### Provided data

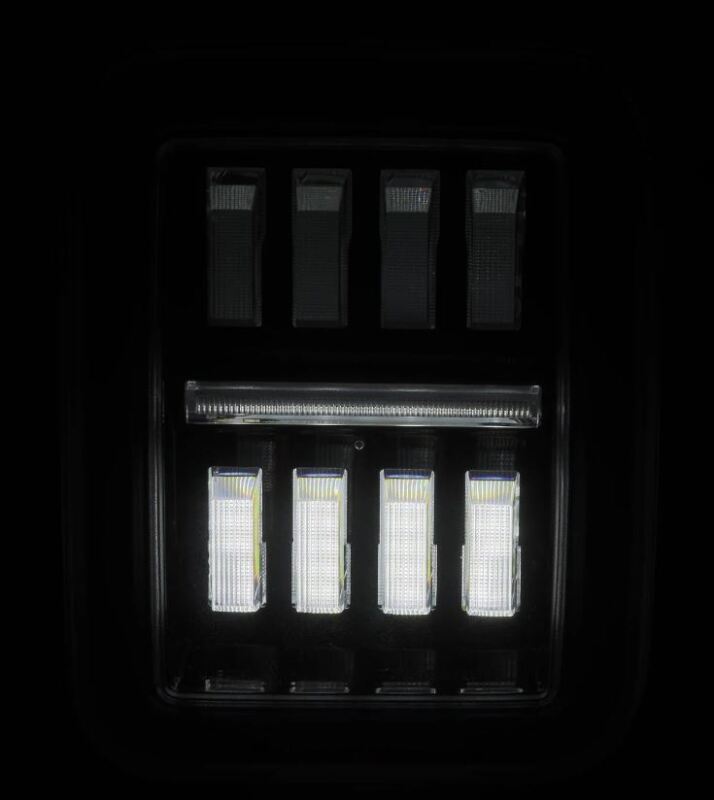 AlphaRex 19-24 Jeep Gladiator JT Nova-Series Prismatic LED Tail Lights - Black-Red 602070 602070 User 6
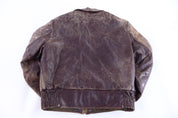 1940’s Timme Alpaca Pile Brown Horse Hide Leather Jacket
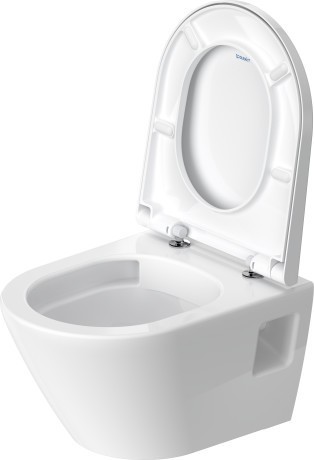 Duravit унитаз подвесной + сиденье rimless 370 мм х 480 мм, с вертикальным смывом, без смывного края, с креплением durafix, d-neo, 45870900a1 цвет: белый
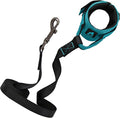 Gooby Easy Fit Wrist Band Surfer Leash - Turquoise, 6 FT - Comfortable Hands Free Leash with Elastic Band for Small, Medium and Large Dogs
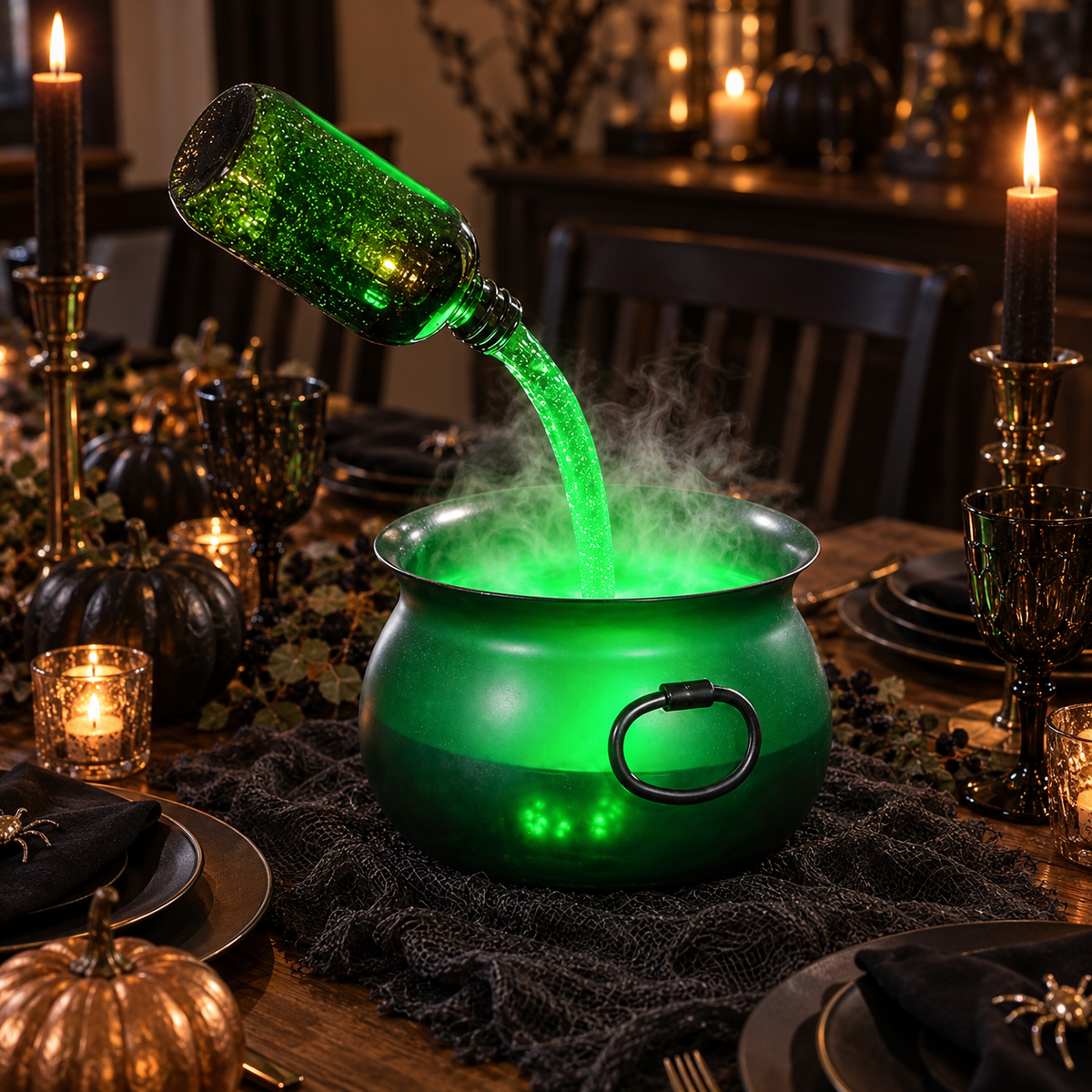 Halloween Magic Cauldron Fog Diffuser Decoration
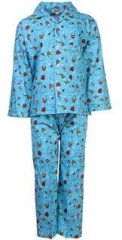 Greenapple Ice Blue Night Suit girls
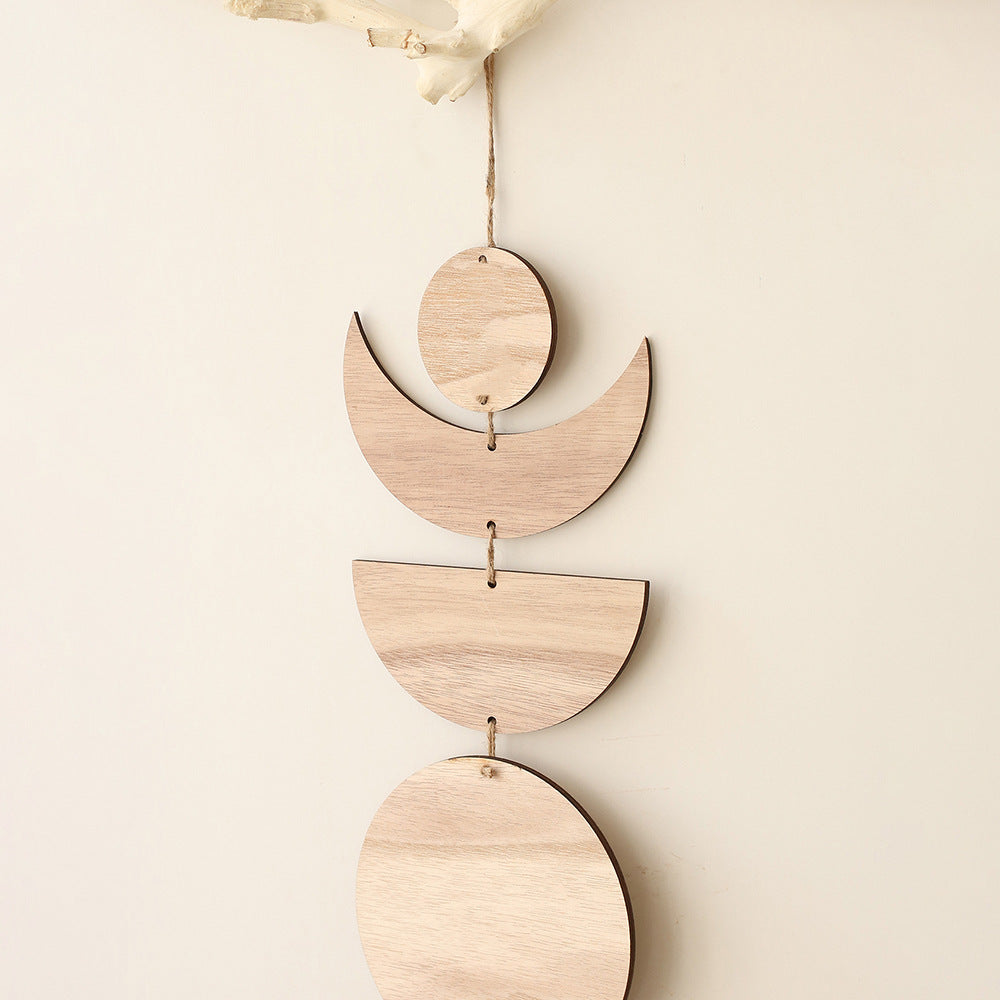 Sun And Moon Wood Wall Hanger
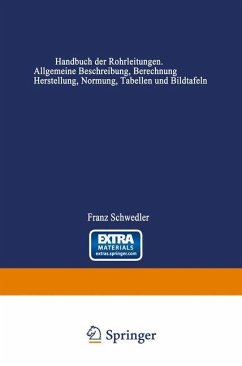 Handbuch der Rohrleitungen - Schwedler, Franz;Jürgensonn, Helmut von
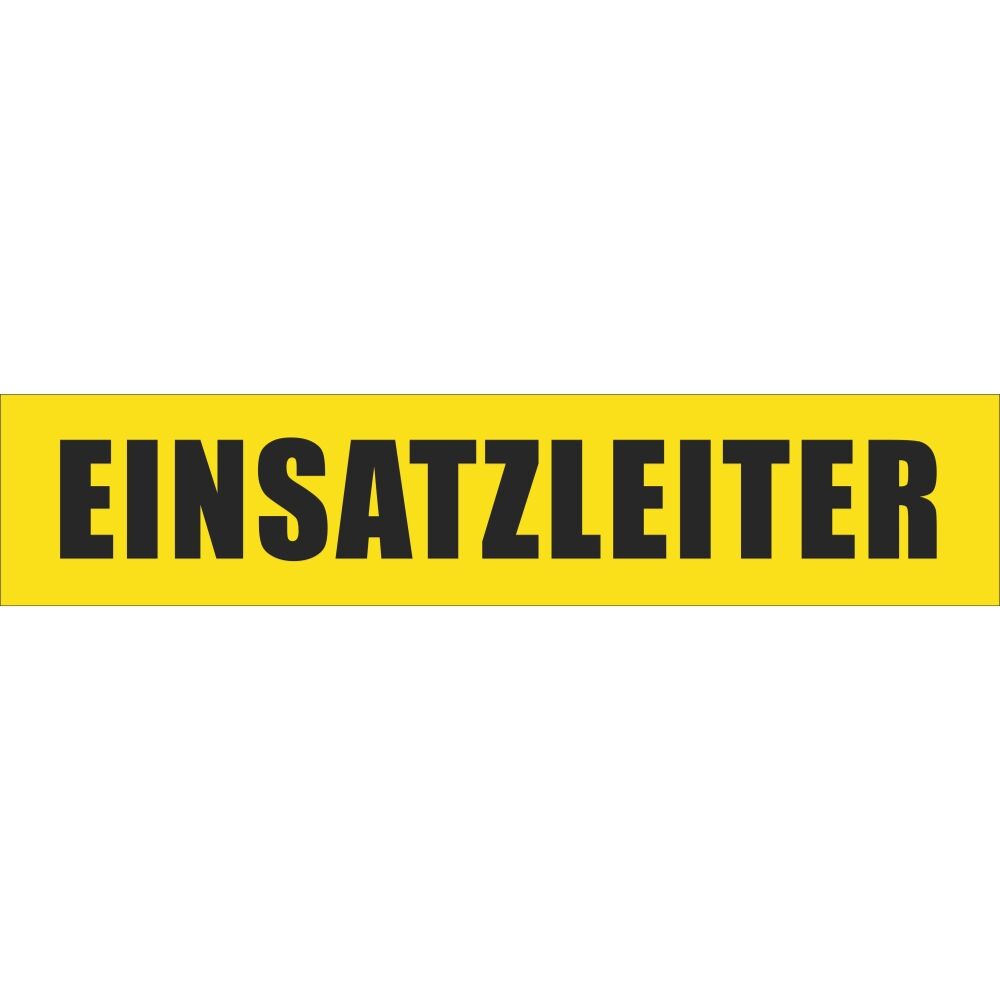 Rückenschild zitronengelb EINSATZLEITER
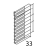 Left lateral tray support Piron P920RXS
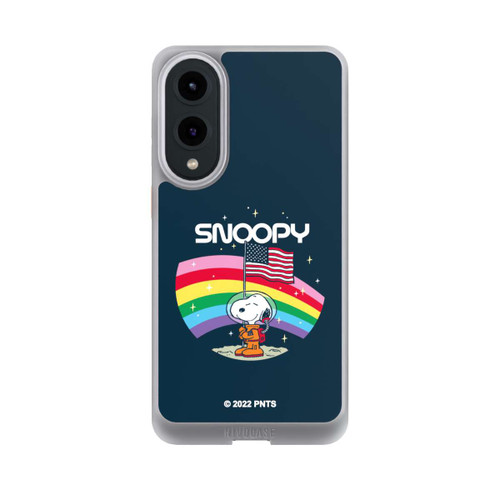 Samsung Galaxy S25 Edge NIVOcore Snoopy Weltraumreisender Regenbogen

### Exercise objective
Transcribe, word for word, the line holding "Greenapple Ice Blue Night Suit girls" and all lines after it in the entries above, ending with the last. Only those lines; no pictures.

### Your response
 Greenapple Ice Blue Night Suit girls
 Sun And Moon Wood Wall Hanger
 Handbuch der Rohrleitungen - Schwedler, Franz;Jürgensonn, Helmut von
 Rückenschild zitronengelb EINSATZLEITER
 Left lateral tray support Piron P920RXS
 Samsung Galaxy S25 Edge NIVOcore Snoopy Weltraumreisender Regenbogen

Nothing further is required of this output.